Tra gli autentici delitti che si celano nelle pagine de Io sono le voci c’è quello indimenticato, al quale Carlo Lucarelli ha dedicato più di un’inchiesta su RAI3, passato alla storia criminale come “il delitto della Cattolica”. Nel libro “maschero” l’evento, delocalizzando il fatto alle Belle Arti di Brera e usando ovviamente dati anagrafici inventati, ma il modello ispirativo è – purtroppo – il vero omicidio di Simonetta Ferrero, 26 anni, trovata cadavere nei bagni dell’Università Cattolica a Milano il 26 luglio del ’71. Si accertò che il brutale fatto di sangue – 42 coltellate inferte con furia assoluta – risaliva al sabato precedente. Il corpo scempiato venne ritrovato da un giovane seminarista un paio d’ore dopo l’apertura della Facoltà.
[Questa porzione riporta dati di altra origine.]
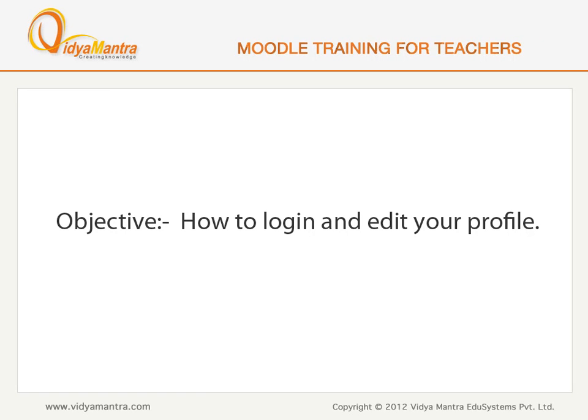In this lesson, we will learn to login into our Moodle site and make some edits in the user profile.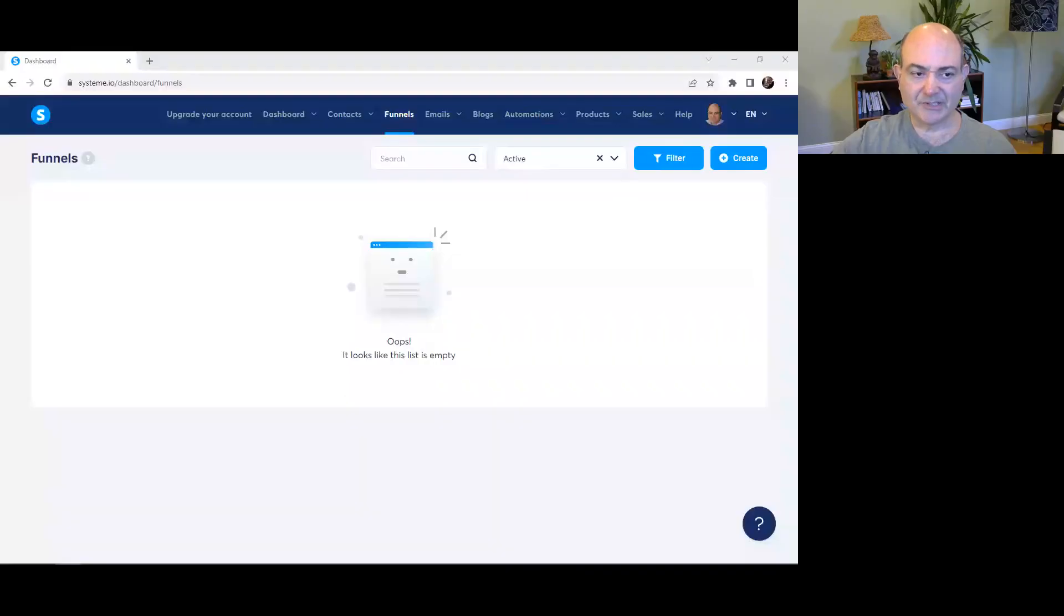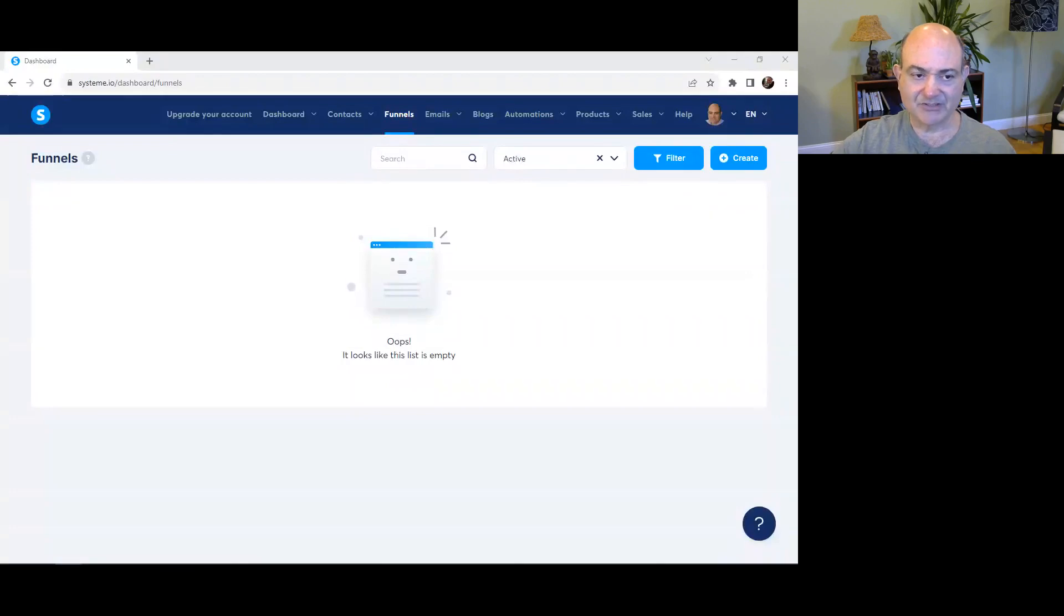This is Michael from SoftwareOasis.com. We're doing a 30-day challenge covering 90 top software solutions for growing and managing your business online.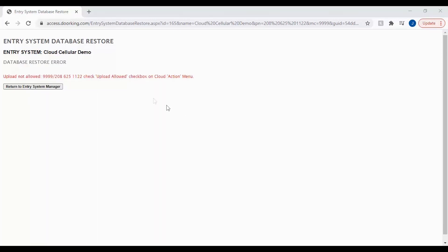If you see this error upload not allowed you will need to go back to the action menu and allow an upload for your account as shown earlier in this video.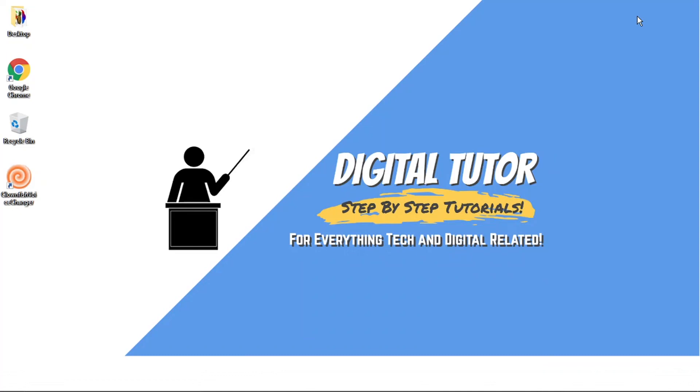In today's video I'm just going to show you how to make a stage channel on Discord. So this is kind of like a rebranding of the voice channels and it's more a thing Discord have done to try and compete with Clubhouse.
La vittima era la classica brava ragazza dell’epoca: nessun grillo per la testa, vita limpida e irreprensibile, una bellezza quieta e defilata, senza legami affettivi e senza contatti con i tanti ambienti universitari che possono nascere anche attorno alla Cattolica. La si definirebbe, con un occhio analitico e investigativo molto più vicino ai nostri tempi (che abbondano di delitti senza ragione), una “vittima per caso”, la persona sbagliata nel posto sbagliato. A un’ora altrettanta di un giorno in cui l’Ateneo era chiuso.
E personalmente penso proprio che le cose stiano così: Simonetta, il cui corpo non presentava tracce di tentata o avvenuta violenza, conosceva molto bene quegli ambienti e quei corridoi perché, già laureatasi un paio d’anni prima, vi era unicamente entrata per chiedere informazioni da passare a un’amica. Sapeva quindi come muoversi e con chi andare a parlare e, da lì a un paio d’ore, sarebbe dovuta partire con i suoi per andare in vacanza in Corsica. Il delitto non può essere stato quindi premeditato ma frutto di un incontro occasionale sfociato in un raptus. E’ il classico, come troppi in Italia, omicidio impunito. Le indagini dell’epoca non dispongono degli strumenti e dei metodi contemporanei; per quanto sotto le unghie della ragazza siano rinvenuti dei frammenti di pelle, prova evidente di una disperata lotta con l’aggressore, e per quanto la scena del delitto sia zeppa di impronte, sanguinolente e no, l’indagine non decolla. E non decollerà mai.
Restano in piedi solo delle ipotesi. Quelle fantasiose, da non tenersi in considerazione, di un romanzo come il mio (ma la dinamica omicidiaria degli eventi non penso di discosti poi di tanto da quel che è realmente accaduto) o la teoria, allora nemmeno emergente nelle opere di fiction, di uno o più serial killer all’opera a Milano in quel decennio. Perché le donne uccise nella metropoli lombarda dal ’70 al ’75 sono ben 11 e tutte alla cosiddetta “arma bianca”, alcune di loro in zona Stazione Centrale. Donne normali, senza doppia vita. Un dato di fatto che avvalora la teoria dell’assassino seriale.
Lo scrittore ci va a nozze e non so quanto sia eticamente accettabile. Ma, dietro alle ipotesi narrative anche più strampalate, si possono individuare focolai di possibili verità. Come sostiene la giornalista che in Io sono le voci fa una brutta fine perché ha capito e individuato “chi sente le voci”, ci possono essere più verità in certi romanzi d’intrattenimento che in dieci dispense universitarie. Non è consolante, ma se non altro suona come un invito a leggere qualche nero italiano in più. Affinché soprattutto l’Altra Metà del Cielo stia sempre più in campana; quelli che sentono le Voci sembrano, ahinoi, in esponenziale aumento.